Dans ce cas c'est _*demi-frère*_ le terme qui convient


----------



## Calamitintin

Demi-frère n'est pas spécialement péjoratif. J'adore ma petite demi-soeur ! 
A mon avis, c'est le terme que tu cherches.


----------



## itka

_le fils/la fille de la nouvelle copine de mon père :_c'est la seule façon "neutre" de parler de cette personne à qui je ne suis pas lié(e) par le sang (mais rien ne m'empêche de les appeler _frère_ ou _soeur_, si je le souhaite).

Sinon, c'est _un demi-frère, une demi-soeur, _termes qui n'indiquent rien quant aux sentiments qu'on leur porte.
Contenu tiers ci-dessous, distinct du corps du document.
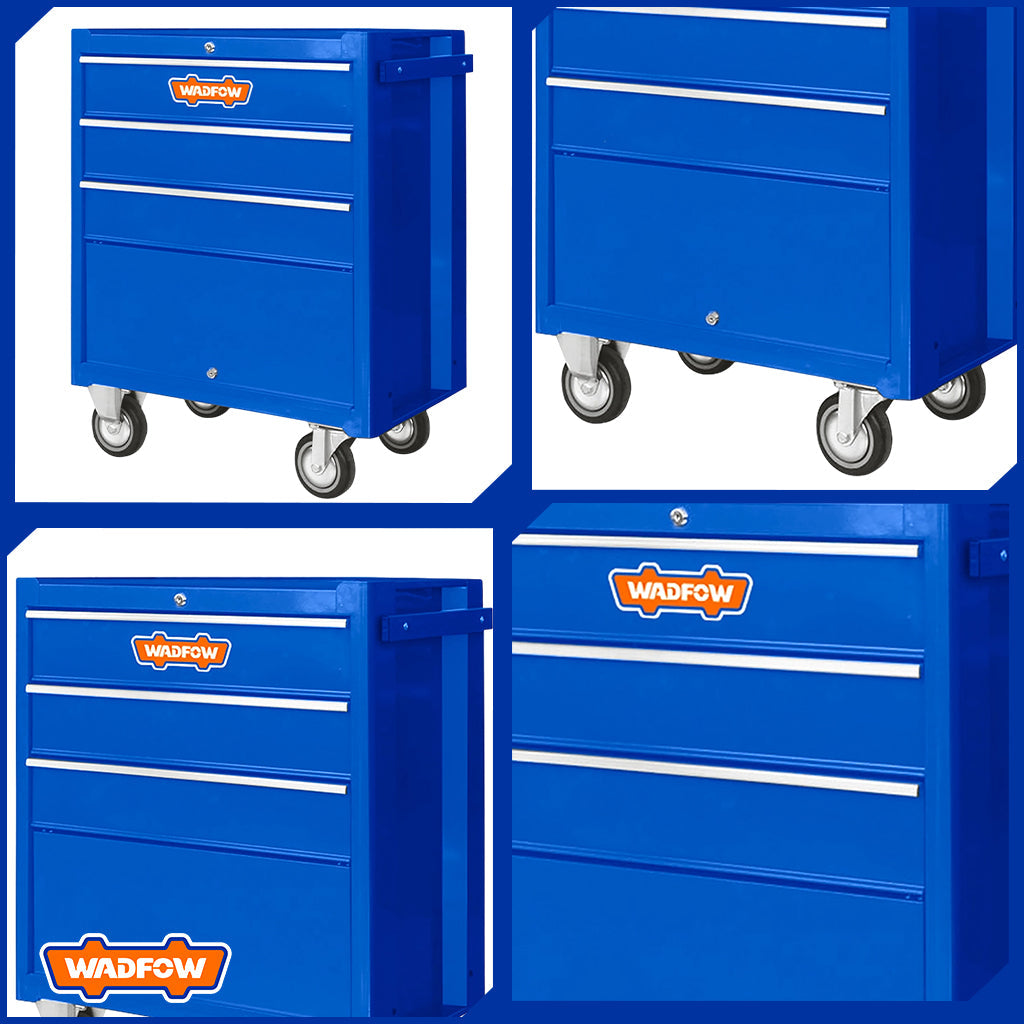 Roller Tool Cabinet Organizer with 3pcs Drawers 688 x 458 x 735mm WCS2A03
Là encore, beaucoup de gens disent simplement _frère_ ou _soeur_.

Quant à la petite demi-soeur de Cal, on l'adore tous !  _(est-ce qu'elle est toujours aussi craquante ? )_


----------



## blueredblue

Moi je dis souvent le fils/la fille de ma belle-mère


----------



## GrouchaMarx

J'ai trouvé cette définition dans un site internet.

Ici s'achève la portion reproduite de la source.